Deficiency of angiogenic and neurotrophic factors under long term diabetes is known to lead to Schwann cell degeneration, clinically manifested as Diabetic Neuropathy (DN). While the transplantation of exogenous allogenic Mesenchymal Stromal Cells (MSCs) has shown amelioration of DN through paracrine action, it is not known what functional changes occur in endogenous bone-marrow MSCs under chronic diabetes in terms of homing, migration and/or paracrine signalling with reference to the end-point clinical manifestation of Diabetic Neuropathy.

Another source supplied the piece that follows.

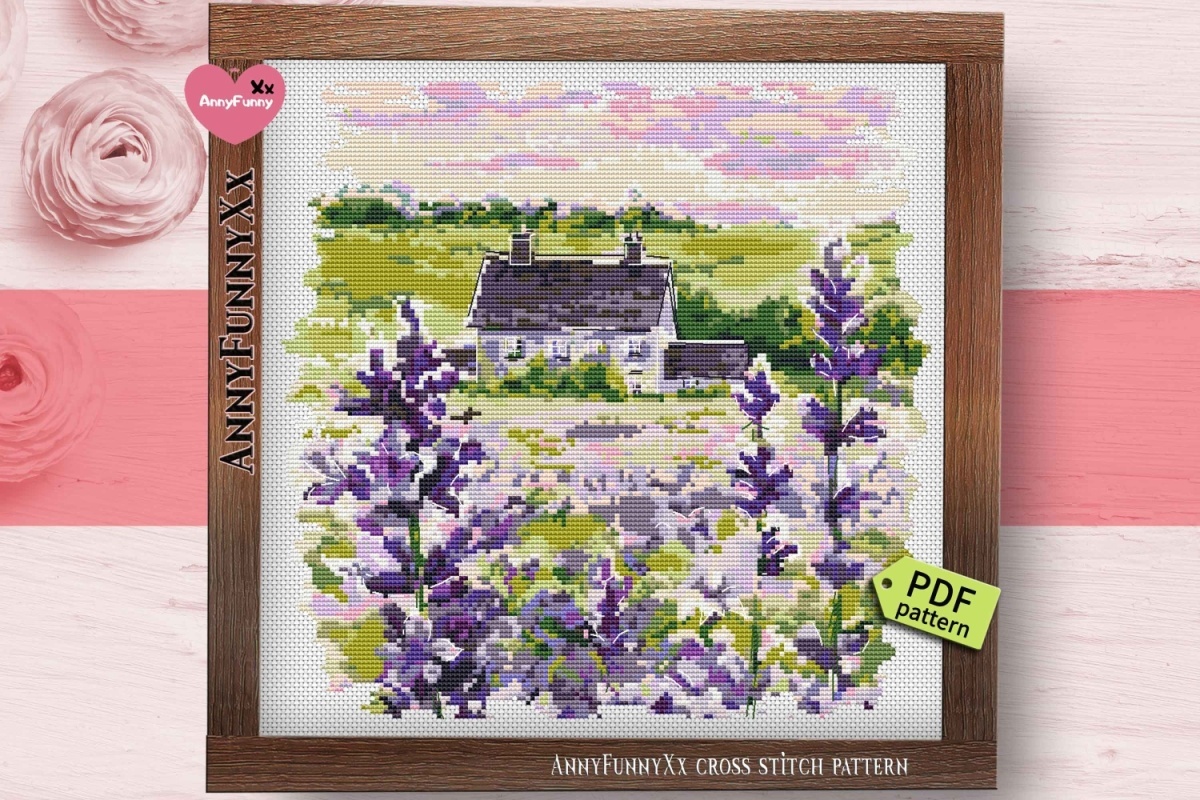 Lavender Provence Cross Stitch Pattern фото 2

We thus aimed at determining the changes in BM-MSCs under Type 1 Diabetes with respect to survival, self-renewal, oxidative status, paracrine activity, intracellular Ca²⁺ response and migration in response to pathological cytokine/chemokine, in reference to the time-point of decline in Nerve Conduction Velocity (NCV) in a rat model. Within one week of diabetes induction, BM-MSCs underwent apoptosis, and compromised their self-renewal capacity, antioxidant defence mechanism and migration toward cytokine/chemokine; whereas epineurial blood vessel thickening and demyelination resulting in NCV decline were observed only after three weeks. By two- and three-weeks post diabetes induction, BM-MSC apoptosis reduced and proliferative ability was restored; however, their self-renewal, migration and intracellular Ca²⁺ response toward pathological cytokine/chemokine remained impaired. These results indicate that T1D induced intrinsic functional impairments in endogenous BM-MSCs occur before neuropathy onset. This timeline of functional alterations in BM-MSCs also suggest that treatment strategies that target the bone marrow niche early on may help to modulate BM-MSC functional impairments and thus slow down the progression of neuropathy.

已知长期糖尿病下血管生成和神经营养因子的缺乏会导致雪旺氏细胞变性，临床上表现为糖尿病性神经病 (DN)。虽然外源同种异体间充质基质细胞 (MSC) 的移植已显示通过旁分泌作用改善 DN，但尚不清楚慢性糖尿病下内源性骨髓 MSC 在归巢、迁移和/或旁分泌信号传导方面发生了什么功能变化。参考糖尿病神经病变的终点临床表现。因此，我们旨在确定 1 型糖尿病下 BM-MSC 在存活、自我更新、氧化状态、旁分泌活性、细胞内 Ca ^{2+ 方面的变化}响应病理细胞因子/趋化因子的反应和迁移，参考大鼠模型中神经传导速度 (NCV) 下降的时间点。在糖尿病诱导的 1 周内，BM-MSCs 发生凋亡，并损害其自我更新能力、抗氧化防御机制和向细胞因子/趋化因子的迁移；而仅在三周后观察到神经外膜血管增厚和脱髓鞘导致 NCV 下降。糖尿病诱导后2-3周，BM-MSC凋亡减少，增殖能力恢复；然而，它们的自我更新、迁移和细胞内 Ca ²⁺对病理细胞因子/趋化因子的反应仍然受损。这些结果表明 T1D 诱导的内源性 BM-MSCs 的内在功能障碍发生在神经病变发作之前。BM-MSC 功能改变的时间线也表明，早期针对骨髓生态位的治疗策略可能有助于调节 BM-MSC 功能障碍，从而减缓神经病变的进展。